# Credit Union Loan



## Chuckles (8 Nov 2008)

Hi...

Got a rate of 8.33% today from my CU for a home improvments loan... Is this rate good or could I get better elsewhere do you think?

Thanks in advance!

Chuckles


----------



## maryanne40 (12 Nov 2008)

The home improvement loan rate with my credit union is 7.5% APR.


----------



## lanie (12 Nov 2008)

Can I ask both posters how much the loan is for?


----------



## maryanne40 (13 Nov 2008)

Mine was for 50k and the repayments are around 270 per fortnight over 10 years. I say around 270 as I haven't the actual documentation here....Note that the repayment is fortnightly.


----------



## demoivre (13 Nov 2008)

Mortgage rates are much lower than the rates quoted here and are likely to go lower over the next year imo. Is topping up the mortgage/getting a mortgage not an option for _Chuckles_ and _maryanne40_?


----------



## maryanne40 (13 Nov 2008)

Hmmmm....possibly. I didn't feel like the hassle of renegotiating the mortgage in the credit crunch era. Credit union is so simple. Expecting a lump sum in a couple of years time and will clear loan then.


----------



## Bank Manager (13 Nov 2008)

Have to say I'd say the same as Demoivre.

If the amount was small I'd say go with with your current option - however E50k over ten years in not an insignificant amount.

Just a quick calculation (not an exact science I know), but assume your current rates and repayments hold then you'll repay c.
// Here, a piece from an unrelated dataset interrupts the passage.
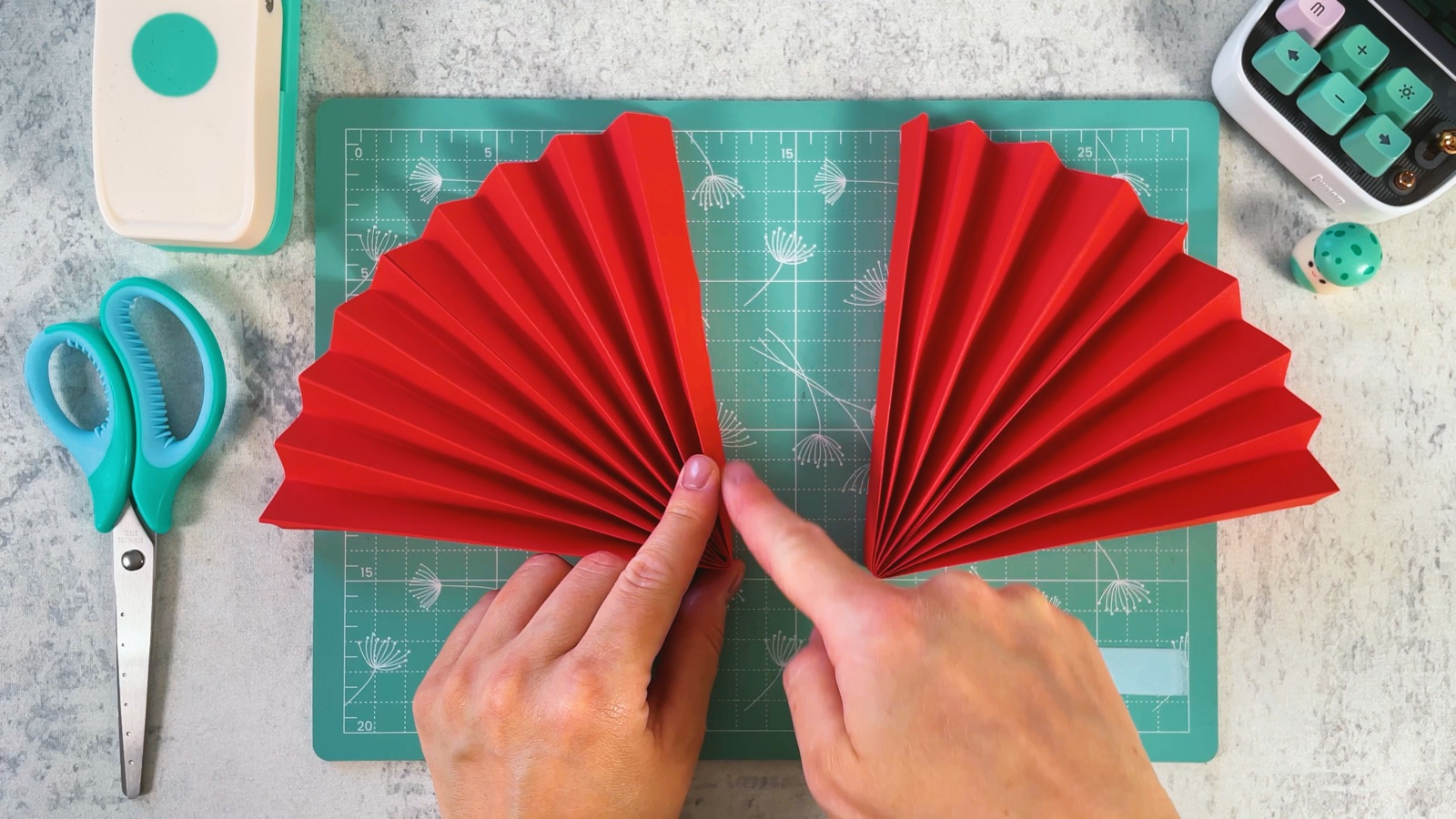 Dos abanicos de papel rojo uno al lado del otro sobre el tapete de corte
E71,000 over the ten years.

If you take an equity release (mortgage) over the same period and using a rate of say 5% - you'd repay E63,500.

Against that I acknowledge you don't appear to really be taking a 10 year loan as you intend to pay off in a couple of years time from an expected lump sum, so it may not be worth your while going the mortgage route.  Just one point, make sure you opt for a variable rate, or at least a fixed rate of shorter duration than when your expect lump sum.

Best of luck.

BM


----------